We all like to think we’re dutiful little ink slingers, writing pitch-perfect prose and never straying into bloodcurdlingly-bad storytelling territory.  Sometimes even the best manuscript becomes possessed by bad writing that’s in need of a little exorcism.

Here are some tips on how to find the sickness within your story or book and purge it.

The Stages of the Exorcism

Every good exorcism follows a standard checklist used to pinpoint and purge the bad parts:

  • Pretense – When the demon hides its true identity
  • Breakpoint – When the demon reveals itself
  • Clash – When the exorcist and the demon fight for the soul of the possessed
  • Expulsion – If the exorcist wins the battle, the demon leaves the body of the possessed

PRETENSE: Determining the true identity of your story

The first step to any good manuscript exorcism is determining whether the offending text is actually a good story hiding its identity in malevolent prose.

Wordiness, passive voice, gaping plot holes – all of these things and more can turn a good story into one that haunts you in the middle of the night.

Remember that spark of creativity that gave you the idea in the first place?
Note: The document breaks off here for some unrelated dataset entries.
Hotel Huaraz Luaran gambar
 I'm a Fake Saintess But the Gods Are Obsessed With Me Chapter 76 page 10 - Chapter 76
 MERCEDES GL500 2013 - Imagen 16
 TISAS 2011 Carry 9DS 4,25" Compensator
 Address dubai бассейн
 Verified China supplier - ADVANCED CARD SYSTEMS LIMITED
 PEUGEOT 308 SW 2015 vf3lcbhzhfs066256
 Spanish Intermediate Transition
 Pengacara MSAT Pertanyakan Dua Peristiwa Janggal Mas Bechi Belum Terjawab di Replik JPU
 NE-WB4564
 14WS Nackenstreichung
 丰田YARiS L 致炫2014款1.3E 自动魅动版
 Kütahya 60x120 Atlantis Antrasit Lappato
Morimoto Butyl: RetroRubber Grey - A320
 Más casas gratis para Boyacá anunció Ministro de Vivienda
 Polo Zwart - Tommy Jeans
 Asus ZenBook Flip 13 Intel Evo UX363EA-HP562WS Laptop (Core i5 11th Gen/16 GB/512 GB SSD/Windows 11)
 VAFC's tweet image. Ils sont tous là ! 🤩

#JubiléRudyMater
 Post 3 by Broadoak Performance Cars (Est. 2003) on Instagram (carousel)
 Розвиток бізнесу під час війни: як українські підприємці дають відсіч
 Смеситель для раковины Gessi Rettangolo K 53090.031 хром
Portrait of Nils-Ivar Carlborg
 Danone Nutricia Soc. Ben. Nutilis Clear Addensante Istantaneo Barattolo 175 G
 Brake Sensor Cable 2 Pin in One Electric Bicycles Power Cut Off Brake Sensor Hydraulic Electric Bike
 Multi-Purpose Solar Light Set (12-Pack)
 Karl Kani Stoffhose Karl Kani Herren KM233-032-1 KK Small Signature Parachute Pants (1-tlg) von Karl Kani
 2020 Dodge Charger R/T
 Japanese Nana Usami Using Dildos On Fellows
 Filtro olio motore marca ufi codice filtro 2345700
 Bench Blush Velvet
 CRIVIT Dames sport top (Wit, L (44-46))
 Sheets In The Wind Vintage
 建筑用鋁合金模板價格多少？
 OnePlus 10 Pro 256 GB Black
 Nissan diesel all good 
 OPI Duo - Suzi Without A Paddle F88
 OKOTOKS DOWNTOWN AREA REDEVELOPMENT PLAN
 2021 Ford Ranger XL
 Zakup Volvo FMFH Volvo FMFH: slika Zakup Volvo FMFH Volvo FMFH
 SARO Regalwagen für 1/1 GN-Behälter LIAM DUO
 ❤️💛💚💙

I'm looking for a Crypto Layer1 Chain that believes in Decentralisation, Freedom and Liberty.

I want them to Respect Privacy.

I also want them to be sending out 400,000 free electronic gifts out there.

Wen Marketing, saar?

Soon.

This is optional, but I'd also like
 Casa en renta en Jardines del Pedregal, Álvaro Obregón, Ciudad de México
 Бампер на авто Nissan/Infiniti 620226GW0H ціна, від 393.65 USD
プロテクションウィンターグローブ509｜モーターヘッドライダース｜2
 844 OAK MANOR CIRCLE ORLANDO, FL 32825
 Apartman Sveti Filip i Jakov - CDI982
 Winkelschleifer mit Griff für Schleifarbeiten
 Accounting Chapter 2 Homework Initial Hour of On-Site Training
Try to figure out how your idea has mutated from the compelling, page-turner you first imagined. Those are the afflicted parts that need to be exorcised.

BREAKPOINT: The demon reveals itself

So, all this poking and prodding of your story is going to stir things up a bit. Confusion will give way to extreme panic. Shouting obscenities is not uncommon. All the darkness once seething just below the surface is going to rear its ugly head.

Take a deep breath. This is what you want. Unless you tackle these problems head-on, you might as well be running around in the dark with a busted flashlight. So grit your teeth and with steely determination, soldier forward. You can do this.

CLASH: The exorcist (author) and the demon fight for the soul of the possessed (story)

Now that you’ve got a snarling beast of a broken story on your hands, it time to channel your inner Father Damien and arm yourself with the tools you need to fight for the story you want to tell.

Work to make your opening hook one that readers will salivate over, make sure there is believable conflict and give your characters a goal that matters. All of these things will put you well on the way to writing a story with soul.

EXPULSION: If the exorcist wins the battle, the demon leaves the body of the possessed

Not every devilishly-possessed story is going to go along quietly. Some may snarl and drool. Others may huddle and swipe with claws. It might seem like you will never win. But persistence is key.

Casting out the bad parts doesn’t have to be as messy as watching your beloved projectile vomit pea soup. Daunting, it may be. But with iron will, steely determination and a commitment to confronting the evil head-on, you will succeed.